Reputation: 39
I have been asked to modify the WordCount example so that each mapper function sums the occurences of words in its file together before passing it on. So for instance, instead of:
<help,1>
<you,1>
<help,1>
<me,1>
The output of the mapper would be:
<help,2>
<you,1>
<me,1>
So would I add the word to an array, then check for occurrences? Or is there a simpler way?

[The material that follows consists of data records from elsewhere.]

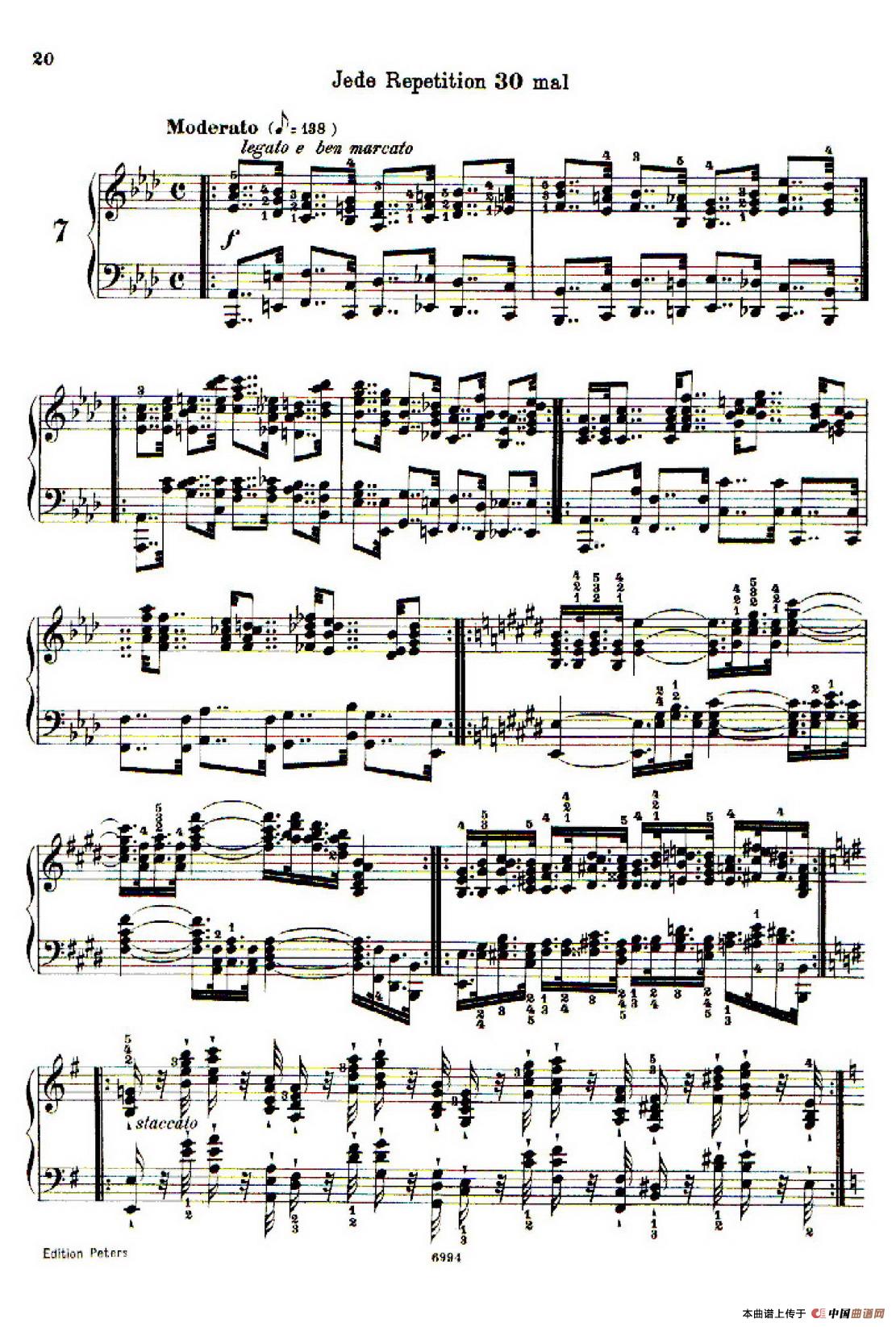 365曲谱网_钢琴简单曲谱(3)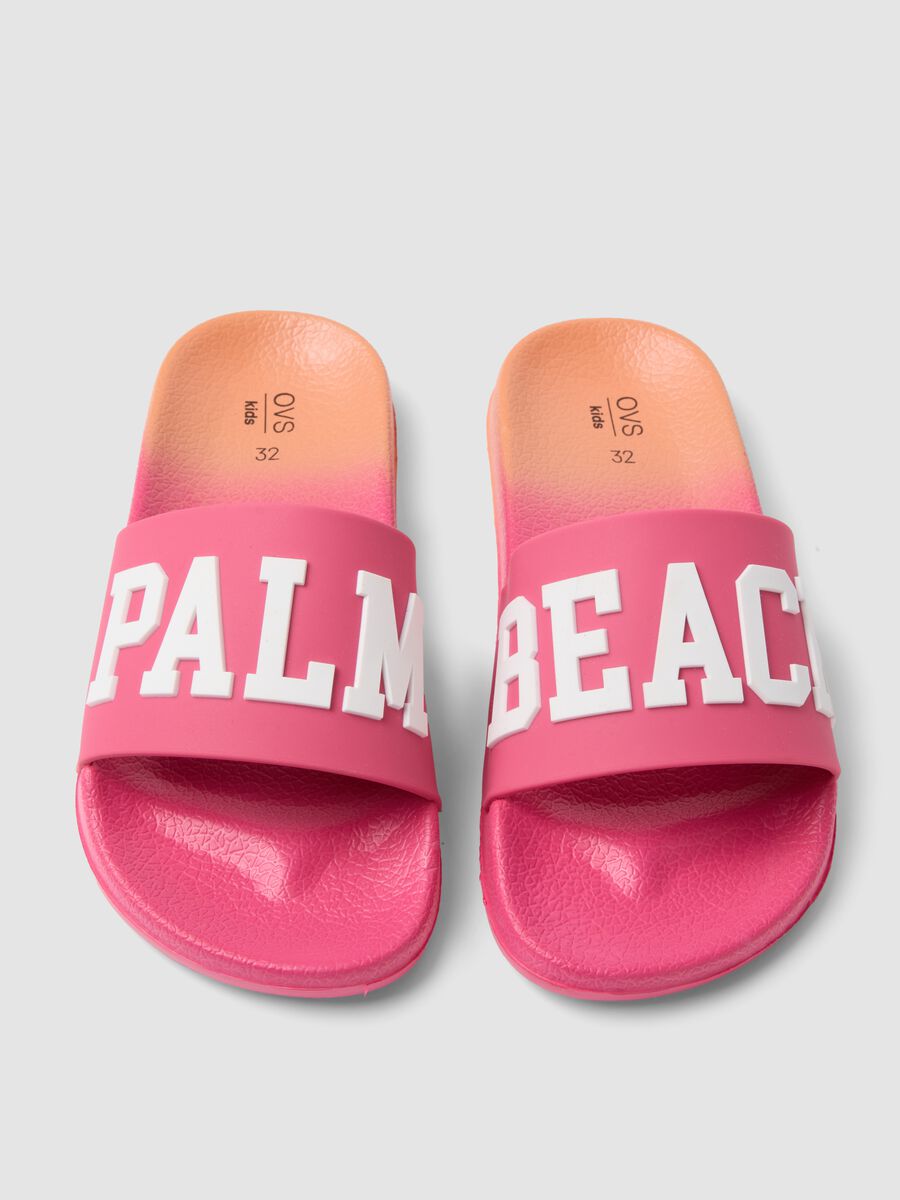 Pink beach sliders with strap_1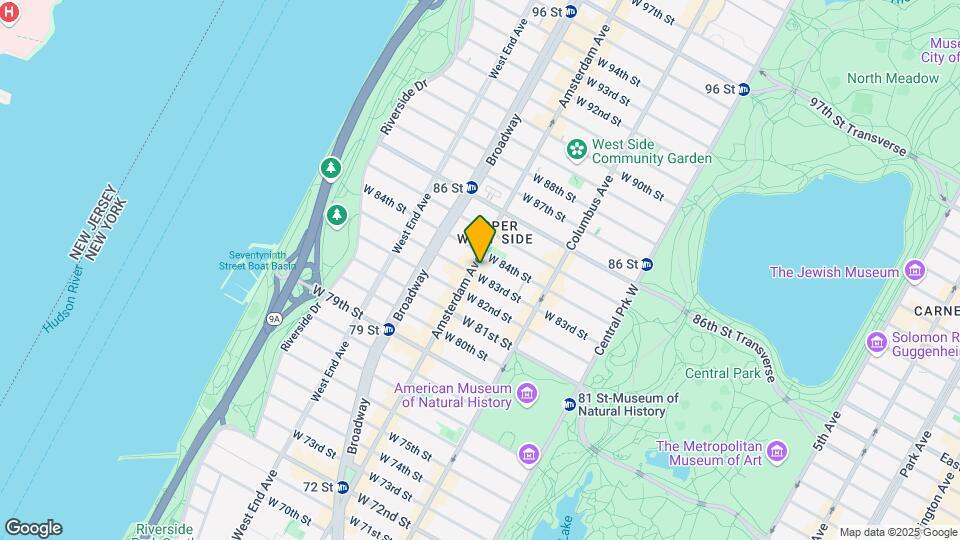 483 Amsterdam Ave Map and Location Details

String line = value.toString();
StringTokenizer tokenizer = new StringTokenizer(line);
while (tokenizer.hasMoreTokens()) {
word.set(tokenizer.nextToken());
context.write(word, one);
}
Upvotes: 2
Views: 777
Reputation: 7462
You can define a Java Map structure, or a Guava Multiset, and count the occurences of each word for each Mapper. Then, when the mapper ends, the cleanup method, which runs afterwards, can emit all the partial sums as the output of map, like that (pseudocode):
setup() {
Map<String,Integer> counts = new HashMap<>();
}
map() {
for each word w {
counts.put(w, counts.get(w)+1); //or 1, if counts.get(w) returns null
}
}
cleanup() {
for each key w of counts.keySet {
context.write(w, counts.get(w));
}
}
Quoting the Mapper's documentation (version 2.6.2):
The Hadoop Map-Reduce framework spawns one map task for each InputSplit generated by the InputFormat for the job. Mapper implementations can access the Configuration for the job via the JobContext.getConfiguration().
The framework first calls setup(org.apache.hadoop.mapreduce.Mapper.Context), followed by map(Object, Object, Context) for each key/value pair in the InputSplit. Finally cleanup(Context) is called.
Other than that, you can also consider using a Combiner as an alternative.
Upvotes: 1